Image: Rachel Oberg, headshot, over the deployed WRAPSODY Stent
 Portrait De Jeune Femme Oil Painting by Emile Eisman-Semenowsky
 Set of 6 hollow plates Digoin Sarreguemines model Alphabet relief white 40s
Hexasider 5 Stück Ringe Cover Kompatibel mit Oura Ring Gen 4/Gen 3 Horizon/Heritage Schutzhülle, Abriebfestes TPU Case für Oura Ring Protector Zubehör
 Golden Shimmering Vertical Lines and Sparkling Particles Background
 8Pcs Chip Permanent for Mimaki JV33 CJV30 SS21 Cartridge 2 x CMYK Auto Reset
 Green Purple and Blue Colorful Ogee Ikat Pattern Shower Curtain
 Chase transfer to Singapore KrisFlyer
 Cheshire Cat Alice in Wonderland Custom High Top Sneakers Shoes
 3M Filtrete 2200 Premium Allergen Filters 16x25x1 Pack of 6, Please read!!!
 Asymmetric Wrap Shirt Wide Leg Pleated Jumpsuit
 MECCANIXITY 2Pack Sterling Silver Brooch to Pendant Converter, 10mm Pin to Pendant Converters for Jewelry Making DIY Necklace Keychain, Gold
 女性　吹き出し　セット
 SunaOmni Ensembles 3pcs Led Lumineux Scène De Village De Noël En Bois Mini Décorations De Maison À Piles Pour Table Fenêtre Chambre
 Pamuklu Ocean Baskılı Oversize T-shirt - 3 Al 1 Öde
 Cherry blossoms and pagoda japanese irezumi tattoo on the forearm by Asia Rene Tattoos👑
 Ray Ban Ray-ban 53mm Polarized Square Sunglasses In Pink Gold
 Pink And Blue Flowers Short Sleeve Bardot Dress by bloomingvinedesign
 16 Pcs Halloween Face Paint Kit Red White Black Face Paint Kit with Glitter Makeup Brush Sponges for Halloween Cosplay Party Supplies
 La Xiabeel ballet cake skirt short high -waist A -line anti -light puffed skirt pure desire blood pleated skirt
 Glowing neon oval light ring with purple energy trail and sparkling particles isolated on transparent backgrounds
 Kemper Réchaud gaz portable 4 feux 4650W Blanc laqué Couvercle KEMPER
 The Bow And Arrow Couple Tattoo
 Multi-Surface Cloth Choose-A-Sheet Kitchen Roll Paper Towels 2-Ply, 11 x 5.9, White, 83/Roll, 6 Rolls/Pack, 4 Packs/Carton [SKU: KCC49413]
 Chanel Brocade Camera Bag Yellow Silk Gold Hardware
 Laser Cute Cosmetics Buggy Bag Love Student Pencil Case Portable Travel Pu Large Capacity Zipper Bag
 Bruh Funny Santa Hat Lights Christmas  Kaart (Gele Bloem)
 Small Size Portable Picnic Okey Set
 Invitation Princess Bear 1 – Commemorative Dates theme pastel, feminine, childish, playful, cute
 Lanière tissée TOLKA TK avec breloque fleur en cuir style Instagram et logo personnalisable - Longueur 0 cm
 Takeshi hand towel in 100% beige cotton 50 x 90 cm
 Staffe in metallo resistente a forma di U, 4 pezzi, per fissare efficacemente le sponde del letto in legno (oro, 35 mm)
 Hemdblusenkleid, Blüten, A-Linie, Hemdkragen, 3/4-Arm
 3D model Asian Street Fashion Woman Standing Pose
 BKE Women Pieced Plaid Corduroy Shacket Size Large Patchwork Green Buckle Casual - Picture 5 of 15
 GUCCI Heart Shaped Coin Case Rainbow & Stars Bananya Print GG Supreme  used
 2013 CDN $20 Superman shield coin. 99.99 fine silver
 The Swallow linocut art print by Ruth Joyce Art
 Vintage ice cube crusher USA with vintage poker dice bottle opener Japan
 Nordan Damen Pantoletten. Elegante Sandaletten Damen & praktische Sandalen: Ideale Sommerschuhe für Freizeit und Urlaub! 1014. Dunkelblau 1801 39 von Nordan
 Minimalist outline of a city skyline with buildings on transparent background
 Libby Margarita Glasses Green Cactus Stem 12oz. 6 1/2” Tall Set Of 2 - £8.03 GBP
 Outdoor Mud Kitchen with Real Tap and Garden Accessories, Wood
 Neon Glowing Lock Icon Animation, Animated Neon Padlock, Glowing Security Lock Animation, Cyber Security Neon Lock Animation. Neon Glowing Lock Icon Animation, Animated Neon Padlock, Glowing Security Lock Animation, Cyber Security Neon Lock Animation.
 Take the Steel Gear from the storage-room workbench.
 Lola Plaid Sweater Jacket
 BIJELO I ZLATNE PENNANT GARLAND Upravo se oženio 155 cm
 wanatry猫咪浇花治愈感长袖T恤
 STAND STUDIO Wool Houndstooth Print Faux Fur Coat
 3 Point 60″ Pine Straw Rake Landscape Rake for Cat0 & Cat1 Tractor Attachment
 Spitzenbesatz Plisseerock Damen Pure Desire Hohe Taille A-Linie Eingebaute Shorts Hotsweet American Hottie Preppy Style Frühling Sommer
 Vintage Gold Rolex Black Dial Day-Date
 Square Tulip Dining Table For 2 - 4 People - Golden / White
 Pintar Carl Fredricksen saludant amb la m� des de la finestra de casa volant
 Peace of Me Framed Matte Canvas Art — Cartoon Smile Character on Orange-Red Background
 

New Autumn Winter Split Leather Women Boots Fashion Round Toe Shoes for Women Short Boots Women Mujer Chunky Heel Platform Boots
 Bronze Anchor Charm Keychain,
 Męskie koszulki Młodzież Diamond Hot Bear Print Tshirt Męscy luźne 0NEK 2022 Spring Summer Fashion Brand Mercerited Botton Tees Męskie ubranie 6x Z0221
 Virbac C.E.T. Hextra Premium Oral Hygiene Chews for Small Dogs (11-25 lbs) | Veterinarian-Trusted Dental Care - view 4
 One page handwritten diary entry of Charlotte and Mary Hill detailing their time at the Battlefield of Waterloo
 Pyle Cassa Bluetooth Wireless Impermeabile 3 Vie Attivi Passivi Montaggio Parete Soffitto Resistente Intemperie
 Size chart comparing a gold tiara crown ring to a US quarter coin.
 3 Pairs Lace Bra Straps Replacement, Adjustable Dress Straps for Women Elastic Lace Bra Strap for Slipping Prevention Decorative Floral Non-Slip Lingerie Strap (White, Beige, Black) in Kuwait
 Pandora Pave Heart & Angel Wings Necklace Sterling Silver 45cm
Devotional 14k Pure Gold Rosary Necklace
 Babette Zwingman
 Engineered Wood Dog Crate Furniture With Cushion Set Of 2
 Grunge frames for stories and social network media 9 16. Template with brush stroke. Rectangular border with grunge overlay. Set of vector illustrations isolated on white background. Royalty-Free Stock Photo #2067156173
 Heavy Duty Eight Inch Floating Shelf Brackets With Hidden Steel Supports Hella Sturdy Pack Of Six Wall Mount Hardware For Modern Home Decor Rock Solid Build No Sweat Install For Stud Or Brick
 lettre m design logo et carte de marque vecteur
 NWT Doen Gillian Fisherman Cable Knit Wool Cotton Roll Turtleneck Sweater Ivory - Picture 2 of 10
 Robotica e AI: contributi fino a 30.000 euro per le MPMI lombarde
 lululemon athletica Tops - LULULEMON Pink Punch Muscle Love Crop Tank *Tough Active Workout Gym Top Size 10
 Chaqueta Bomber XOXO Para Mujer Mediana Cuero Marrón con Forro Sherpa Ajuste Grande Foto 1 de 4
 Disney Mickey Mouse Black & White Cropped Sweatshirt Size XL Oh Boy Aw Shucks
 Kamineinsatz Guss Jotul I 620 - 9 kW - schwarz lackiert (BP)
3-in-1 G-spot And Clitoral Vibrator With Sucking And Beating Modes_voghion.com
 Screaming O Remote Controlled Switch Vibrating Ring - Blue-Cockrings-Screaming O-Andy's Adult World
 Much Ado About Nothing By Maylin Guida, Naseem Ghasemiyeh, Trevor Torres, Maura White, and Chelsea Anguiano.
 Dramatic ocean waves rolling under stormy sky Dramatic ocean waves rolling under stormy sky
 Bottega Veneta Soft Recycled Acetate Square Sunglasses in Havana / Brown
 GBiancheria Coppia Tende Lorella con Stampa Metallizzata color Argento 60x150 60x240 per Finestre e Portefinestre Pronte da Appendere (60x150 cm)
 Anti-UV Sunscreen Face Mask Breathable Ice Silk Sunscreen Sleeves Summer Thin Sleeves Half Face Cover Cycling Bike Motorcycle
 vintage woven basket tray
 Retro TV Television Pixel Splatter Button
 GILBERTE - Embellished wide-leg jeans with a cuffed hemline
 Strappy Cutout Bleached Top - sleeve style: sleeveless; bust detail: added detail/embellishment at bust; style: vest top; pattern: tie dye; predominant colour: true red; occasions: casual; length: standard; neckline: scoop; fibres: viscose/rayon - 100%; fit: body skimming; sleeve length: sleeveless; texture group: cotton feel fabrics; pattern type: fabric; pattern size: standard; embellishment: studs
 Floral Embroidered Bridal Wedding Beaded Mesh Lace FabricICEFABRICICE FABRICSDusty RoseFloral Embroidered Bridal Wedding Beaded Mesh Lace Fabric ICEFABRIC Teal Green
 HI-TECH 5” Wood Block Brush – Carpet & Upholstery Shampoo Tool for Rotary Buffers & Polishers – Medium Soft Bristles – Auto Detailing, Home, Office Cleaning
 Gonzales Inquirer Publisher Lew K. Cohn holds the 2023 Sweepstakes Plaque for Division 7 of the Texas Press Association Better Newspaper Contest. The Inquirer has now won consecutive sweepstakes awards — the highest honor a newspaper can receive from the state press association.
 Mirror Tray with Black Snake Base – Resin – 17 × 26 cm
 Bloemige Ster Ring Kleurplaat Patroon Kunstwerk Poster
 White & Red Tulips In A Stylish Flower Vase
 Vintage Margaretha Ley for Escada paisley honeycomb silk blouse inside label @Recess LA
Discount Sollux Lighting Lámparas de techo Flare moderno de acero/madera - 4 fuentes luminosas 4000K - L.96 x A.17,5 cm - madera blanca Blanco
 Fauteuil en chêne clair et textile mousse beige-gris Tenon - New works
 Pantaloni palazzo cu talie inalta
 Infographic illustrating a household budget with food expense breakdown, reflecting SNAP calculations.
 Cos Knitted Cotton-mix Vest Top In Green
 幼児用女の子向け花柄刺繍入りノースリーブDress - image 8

===

_TASK DETAILS_
What is needed is every line from the start of the entries through the line containing "Chase transfer to Singapore KrisFlyer", returned word for word and nothing else.

_PROBLEM SOLUTION_
Image: Rachel Oberg, headshot, over the deployed WRAPSODY Stent
 Portrait De Jeune Femme Oil Painting by Emile Eisman-Semenowsky
 Set of 6 hollow plates Digoin Sarreguemines model Alphabet relief white 40s
Hexasider 5 Stück Ringe Cover Kompatibel mit Oura Ring Gen 4/Gen 3 Horizon/Heritage Schutzhülle, Abriebfestes TPU Case für Oura Ring Protector Zubehör
 Golden Shimmering Vertical Lines and Sparkling Particles Background
 8Pcs Chip Permanent for Mimaki JV33 CJV30 SS21 Cartridge 2 x CMYK Auto Reset
 Green Purple and Blue Colorful Ogee Ikat Pattern Shower Curtain
 Chase transfer to Singapore KrisFlyer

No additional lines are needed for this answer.